Prompt:
Work through the listing below and give again exactly the lines from the one with "Ý nghĩa giấc" to the one with "331 NE 53rd Street, Seattle WA 98105", both ends included. All other lines and all pictures stay out.

Input:

• • •

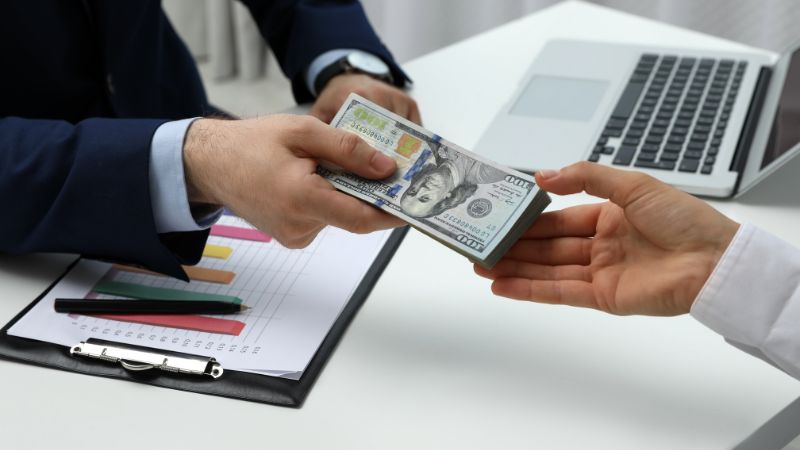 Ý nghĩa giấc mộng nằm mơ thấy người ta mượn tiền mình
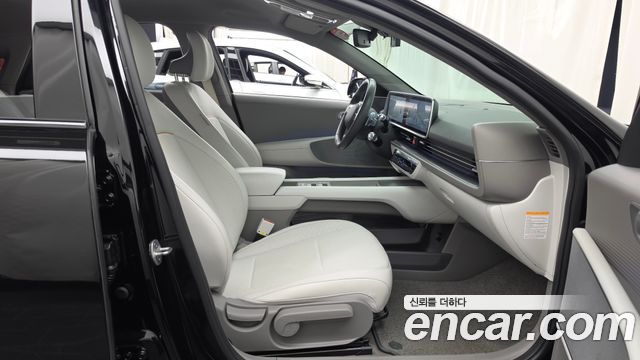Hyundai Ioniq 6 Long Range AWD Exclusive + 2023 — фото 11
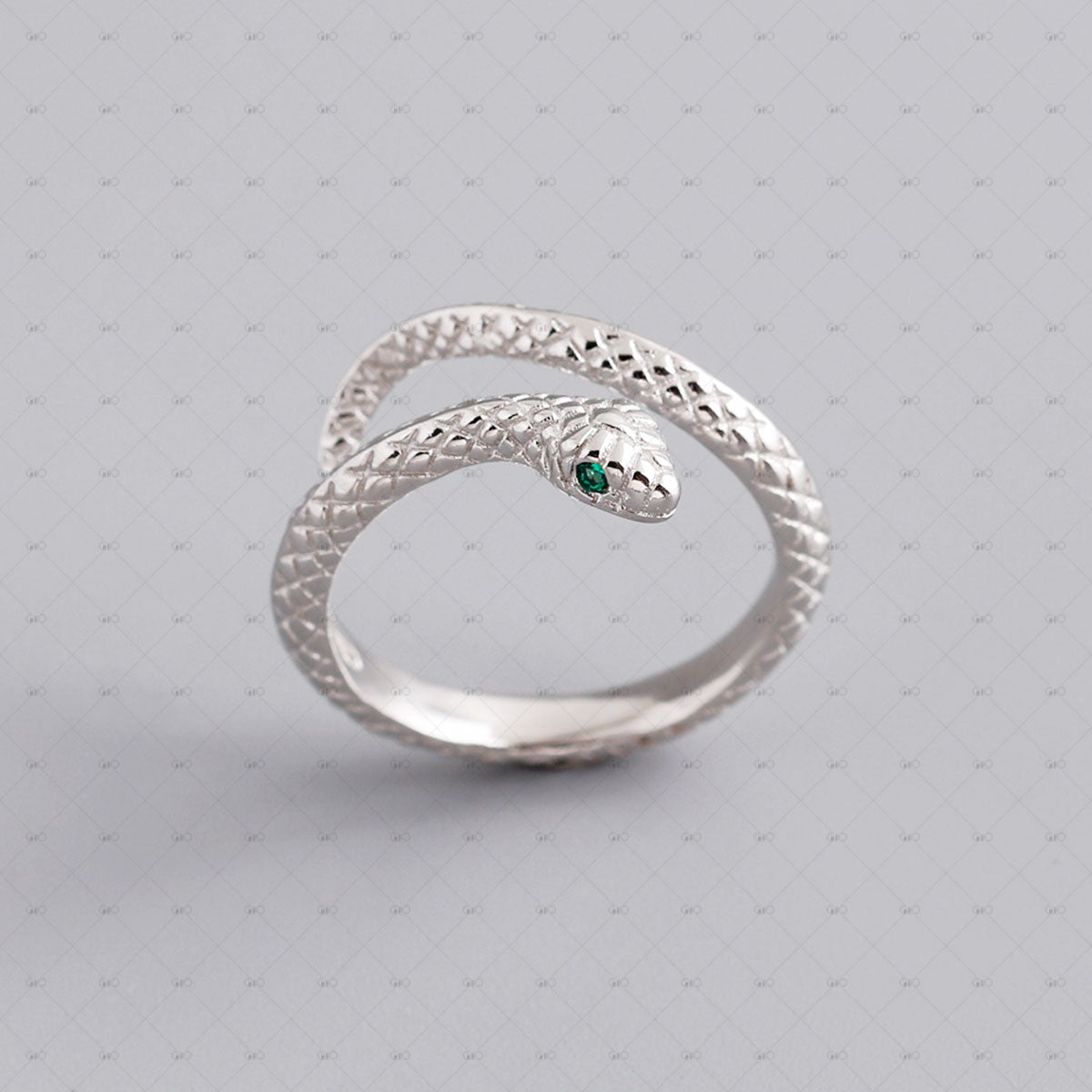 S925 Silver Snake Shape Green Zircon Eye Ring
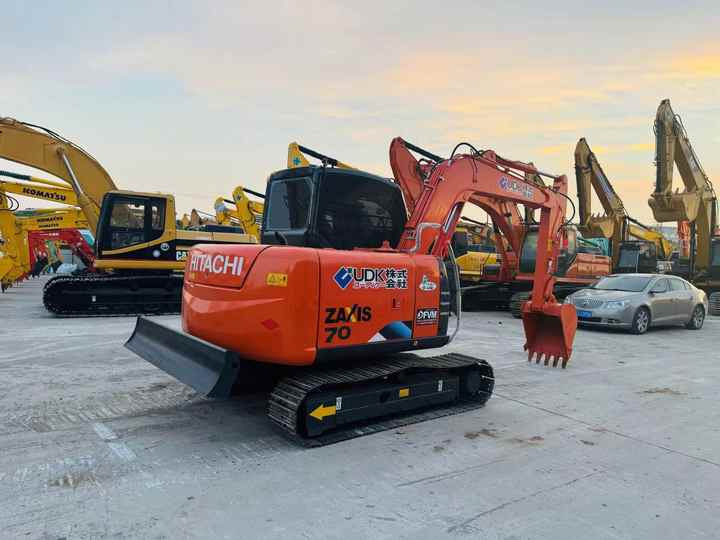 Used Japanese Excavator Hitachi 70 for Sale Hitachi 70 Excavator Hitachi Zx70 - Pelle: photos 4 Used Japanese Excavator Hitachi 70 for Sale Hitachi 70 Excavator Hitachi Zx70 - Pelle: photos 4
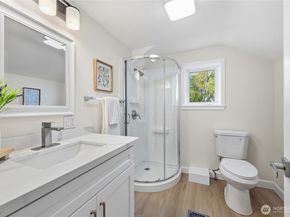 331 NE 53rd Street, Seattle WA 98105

• • •

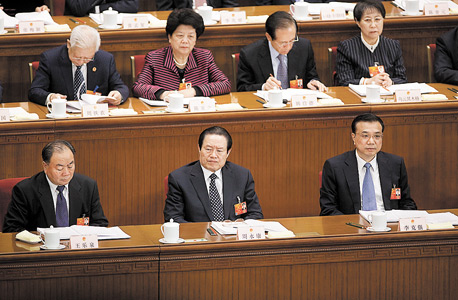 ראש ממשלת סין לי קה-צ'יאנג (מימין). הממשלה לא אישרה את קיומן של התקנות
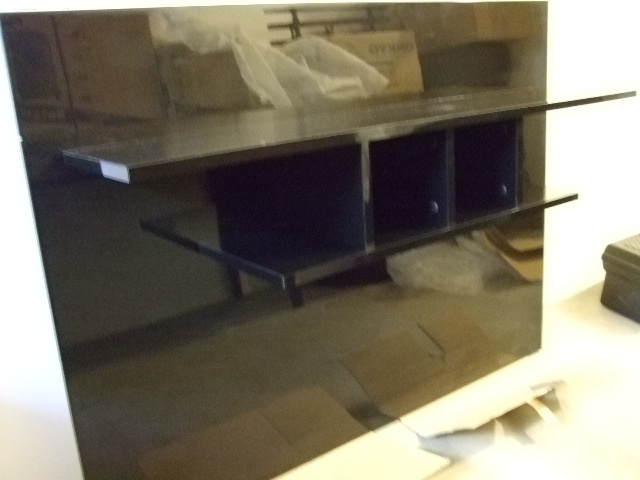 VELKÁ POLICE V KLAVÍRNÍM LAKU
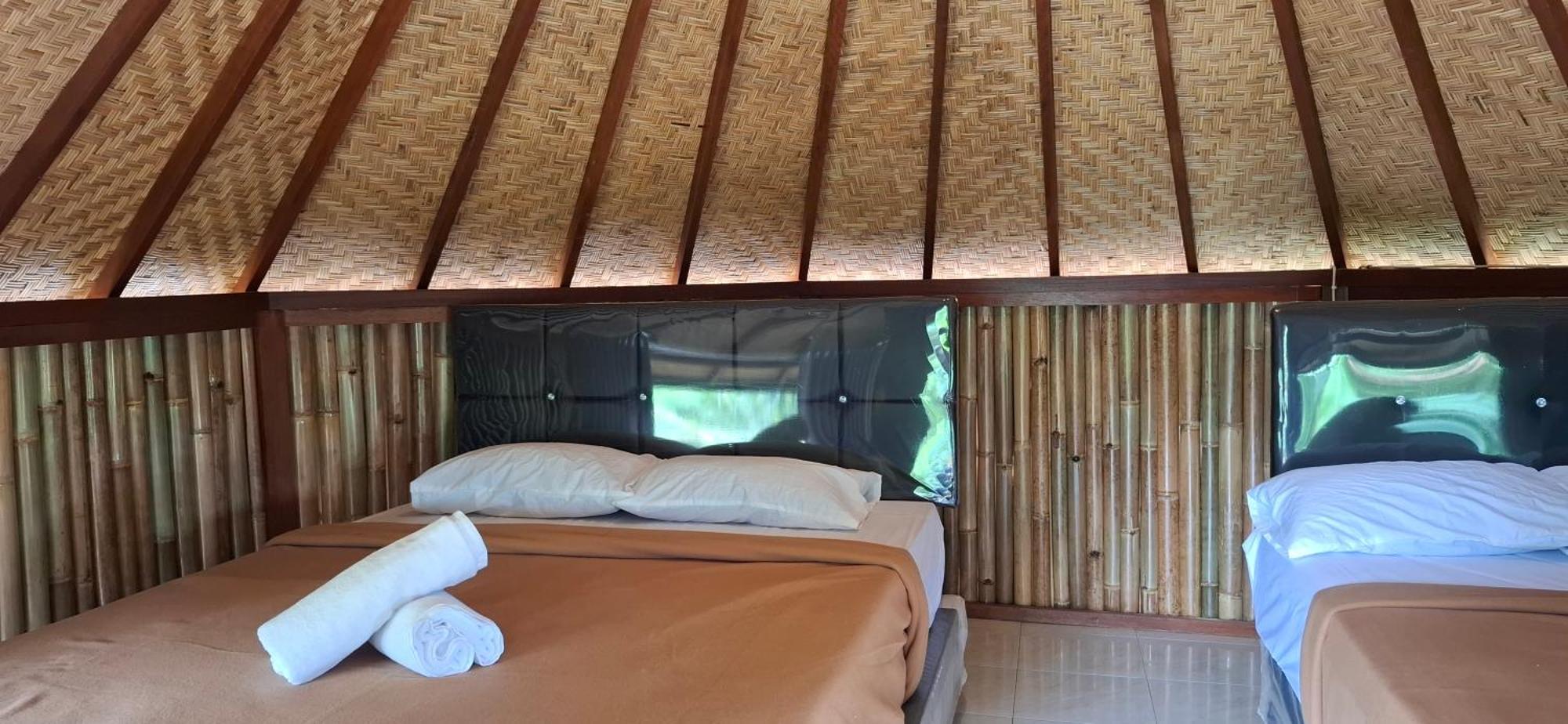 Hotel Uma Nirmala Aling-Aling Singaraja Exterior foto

• • •

Reply to the exercise:
 Ý nghĩa giấc mộng nằm mơ thấy người ta mượn tiền mình
Hyundai Ioniq 6 Long Range AWD Exclusive + 2023 — фото 11
 S925 Silver Snake Shape Green Zircon Eye Ring
 Used Japanese Excavator Hitachi 70 for Sale Hitachi 70 Excavator Hitachi Zx70 - Pelle: photos 4 Used Japanese Excavator Hitachi 70 for Sale Hitachi 70 Excavator Hitachi Zx70 - Pelle: photos 4
 331 NE 53rd Street, Seattle WA 98105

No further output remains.